Disebutkan bahwasanya Mahesa Rangkah adalah tokoh yang dibenci oleh penduduk Singasari.
1282
M
Kertanegara memberangkatkan
ekspedisi Pabali (penundukan Bali). Dan pada tahun 1284, Bali dapat ditundukkan
serta membawa rajanya sebagai tawanan menghadap ke Singhasari. Selain Bali, Negarakrtagama
menyebutkan daerah-daerah bawahan Singhasari di luar Jawa pada masa Kertanegara,
antara lain Melayu, Pahang, Gurun, dan Bakulapura.
Sumber informasi dari Dinasti
Yuan menyebutkan, bahwa pada tahun 1282, dua utusan dari Su-mu-ta (Samudra) tiba di istana Cina.
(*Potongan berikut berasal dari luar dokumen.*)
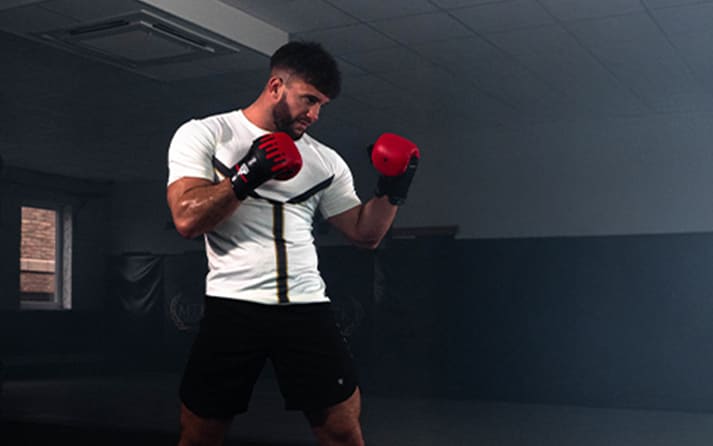 Criteria for Pound-for-Pound Rankings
Berita ini oleh De Jong dipakai
sebagai dasar menetapkan bahwa Kerajaan Pasai merupakan suatu kerajaan Islam di
pantai utara pulau Sumatera yang telah muncul kira-kira sebelum pengiriman utusan
tersebut.
Sedangkan sumber informasi
yang berasal dari abad ke-15, yakni Hikayat Raja-raja Pasai yang menyebutkan, bahwa
“Alkisah peri mengatakan
cerita yang pertama masuk agama Islam ini Pasai. Maka ada diceritakan oleh orang
yang empunya cerita ini negeri yang di bawah angin ini Pasailah yang pertama membawa
iman akan Alloh dan akan Rosul Alloh.”
Mengenai masuknya ajaran
Islam ke Pasai, Buya Hamka meyakini kebenaran bahwa ajaran Islam yang masuk ke Kerajaan
Pasai diperoleh langsung dari jazirah Arab, yang sezaman dengan era penguasaan (Khodimul Haromain) dinasti Mamalik atas Haromain
(Makkah-Madinah). Sedangkan gelar “Malikus Saleh” dan “Malikuzh Zhahir” merupakan
gelar Kesultanan Mamalik yang kemudian juga dipakai oleh Pasai.
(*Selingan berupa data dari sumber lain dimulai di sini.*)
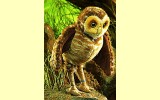 Handpuppe Kanincheneule Folkmanis 2578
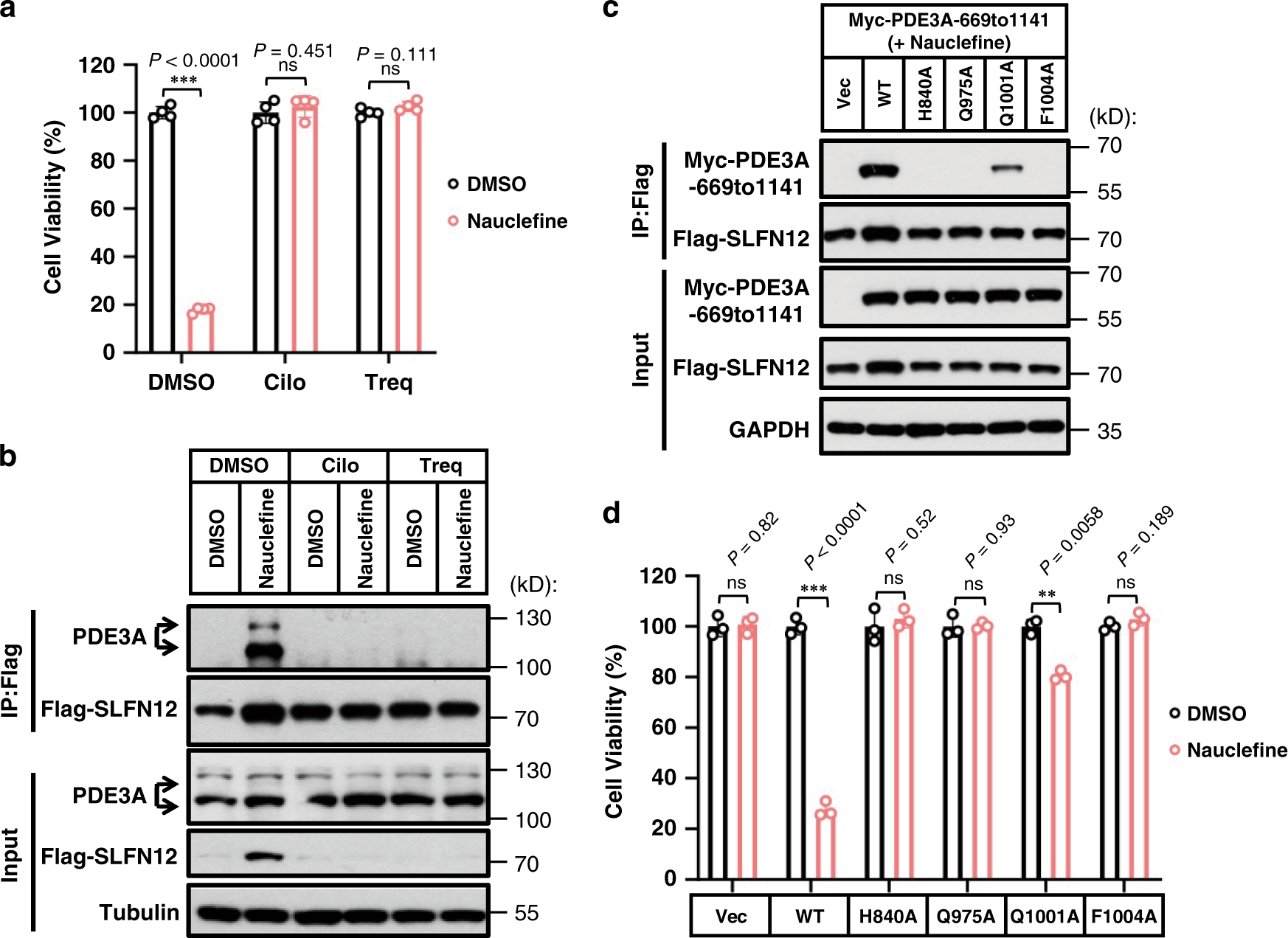 Fig. 4: Interaction between SLFN12 and PDE3A is required for nauclefine-induced cell death.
Di dalam Kitab Hikayat Raja-raja
Pasai tertulis kalimat yang dinyatakan sebagai sabda Rosululloh SAW, yakni
“Sepeninggal aku telah wafat kelak, akan muncul sebuah
negeri di bawah angin, Samudra namanya. Apabila terdengar kamu nama negeri itu,
maka suruhlah sebuah bahtera untuk membawa perkakas dan alat kerajaan ke negeri
itu, serta kamu Islamkan sekalian isi negeri itu, serta ajar mereka mengucap dua
kalimat syahadat. Karena dalam negeri itu kelak banyak orang yang akan menjadi wali
Alloh. Tetapi semasa kamu hendak pergi ke negeri itu, hendaklah kamu singgah mengambil
seorang fakir di negeri Mengiri, bawalah fakir itu bersama-sama berlayar ke negeri
Samudra itu.
Kitab Sulalatus
Salatin atau Sejarah Melayu (abad ke-17) karangan Tun Sri Lanang meriwayatkan
pula cerita yang sama, namun menyebut negeri itu dengan nama Muktabar. Di dalam
sejarah Melayu disebutkan, bahwasanya Meurah Silu menerima Islam dari Syekh Ismail
dan Fakir Muhammad; seorang keturunan Abu Bakar Ash-Shiddiq. Kedua ulama ini dikabarkan
memang berniat datang ke “Negeri Bawah Angin” untuk membawa Islam kepada Meurah Silu
dan menyerahkan tanda-tanda kerajaan yang dibawa dari Makkah. Mereka juga menyinggahi
Fansur (Barus), Lamuri, dan Haru.
Berkenaan dengan penyebutan
nama “Samudra” yang juga dikenal oleh orang luar adalah “Samara”, dari Marcopolo. Kalau diperhatikan bahwa orang Itali ini datang
di zaman Sultan Malikus Saleh, di masa ketika nama itu diumumkan, maka ada cukup
alasan untuk membenarkan bahwa Samudra berasal nama yang diberikan oleh Sultan tersebut.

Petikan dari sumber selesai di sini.